Lafontaine-OP am Donnerstag: Prostata-Krebs immer besser heilbar
VON JÖRG ZITTLAU - zuletzt aktualisiert: 19.11.2009 - 07:32(RP). Die Prostatakrebs-Diagnose bei Oskar Lafontaine lenkt den Blick auf eine Erkrankung, die weltweit zu den häufigsten Tumorarten bei Männern gehört. Pro Jahr wird in Deutschland mehr als 40.000 Mal Prostatakrebs festgestellt. Wissenschaftler des Europäischen Krebsforschungsinstituts in Mailand haben errechnet, dass diese ohnehin schon hohe Quote bis 2010 um etwa drei Prozent pro Jahr zunimmt.
Mehr als ein Viertel der Betroffenen stirbt an dieser "Tabu-Krankheit", weil immer noch Schamgefühle und Ängste verhindern, dass die Erkrankung rechtzeitig erkannt wird. Die walnussgroße Prostata-Drüse umschließt den oberen Teil der Harnröhre und produziert eine Flüssigkeit, die den Samenfäden als Transport- und Aktivierungsmittel dient. Es ist normal, dass sie mit zunehmendem Alter gutartige Wucherungen ausbildet.
Es können aber auch bösartige, maligne Zellen entstehen, und sofern sie sich zu einem Geschwür gruppieren, kommt es zum Tumor. Was genau diese "Malignisierung" hervorruft, ist noch ein Rätsel. Man weiß jedoch, dass männliche Geschlechtshormone dabei eine Schlüsselrolle spielen.
Und dies gilt auch für die Ernährung. So erkrankt man in Japan seltener an Prostatakrebs als in den USA, wandern aber die Asiaten in die Vereinigten Staaten aus, erkranken sie genauso häufig – ein deutlicher Hinweis darauf, dass der westliche Lebensstil mit seiner fleischlastigen Ernährung die Entstehung des Tumors begünstigt.
Dafür spricht auch eine Untersuchung von Professor Jens Altwein vom Krankenhaus der Barmherzigen Brüder in München. Demnach haben bereits 23 Prozent aller 40-Jährigen ein Mikrokarzinom, also ein Mini-Geschwür der Prostata. In China und Japan seien die Quoten der Mikrokarzinome ähnlich hoch, und doch entwickeln sie sich dort seltener zum echten Tumor als bei uns. "Dafür sind wohl vor allem Ernährungskomponenten verantwortlich", so Altwein.
Sportler erkranken seltener an Prostatakrebs, allerdings kommt dieser Schutzeffekt erst bei Männern über 65 Jahren zum Tragen. Wie überhaupt weder Bewegung noch Ernährung einen hundertprozentigen Schutz vor Prostatakrebs bieten. Wer einen Vater oder Bruder mit Prostatakrebs hat, erkrankt mit doppelt so hoher Wahrscheinlichkeit.

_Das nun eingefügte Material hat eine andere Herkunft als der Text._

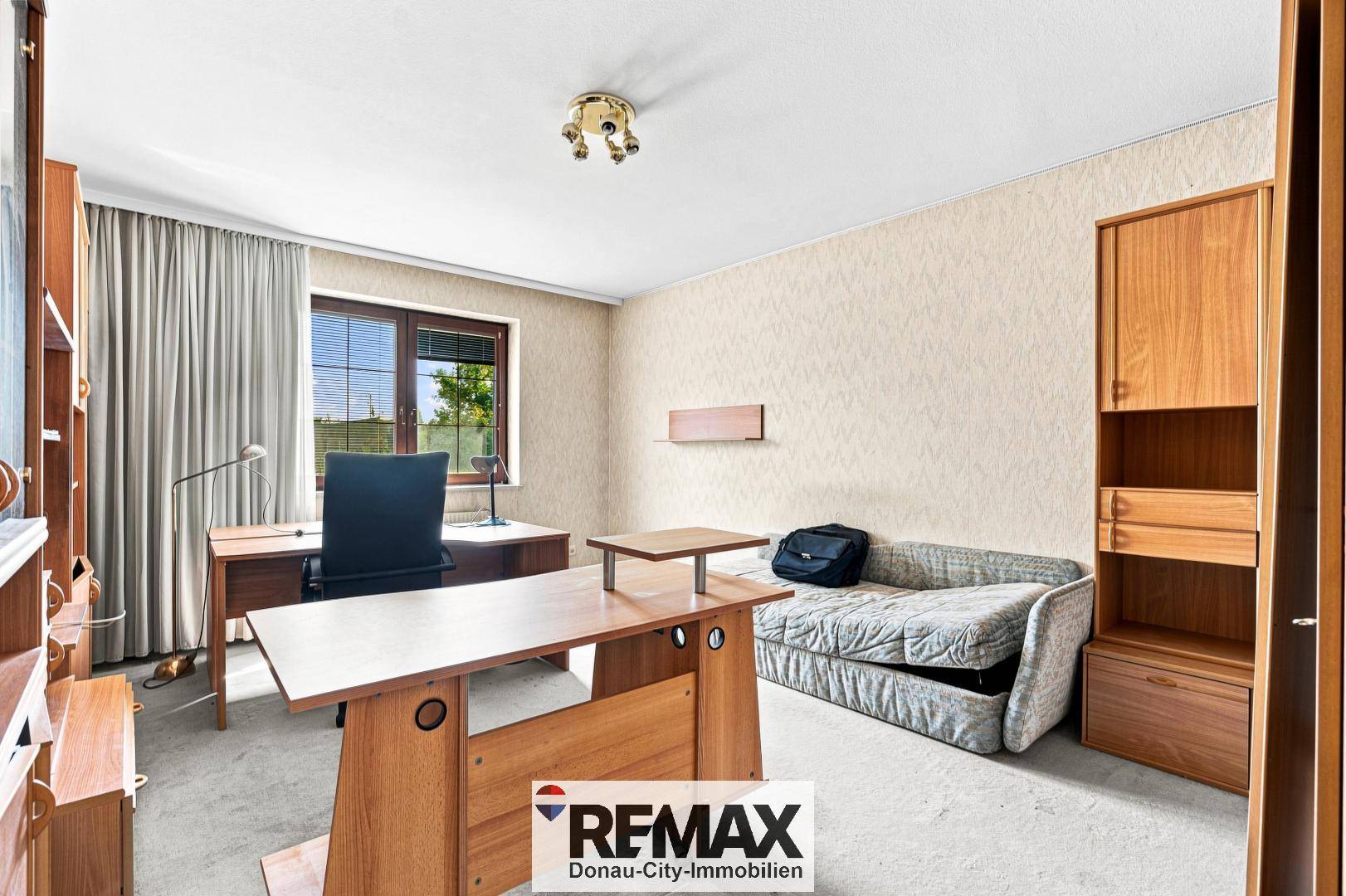 Helles Arbeitszimmer mit Teppichboden, Schreibtisch und Blick ins Grüne.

Sex kann das Risiko senken. Wechselnde Sexualpartner erhöhen aber das Risiko, weil dabei viele Keime eingeschleust werden. Dies ist ein deutlicher Hinweis darauf, dass bei der Erkrankung auch Infektionen eine Rolle spielen. Mit einer rektalen Tastuntersuchung können erfahrene Ärzte die meisten Prostatakarzinome erkennen, eine noch genauere Lokalisation und Größenbestimmung erlaubt die Ultraschalluntersuchung.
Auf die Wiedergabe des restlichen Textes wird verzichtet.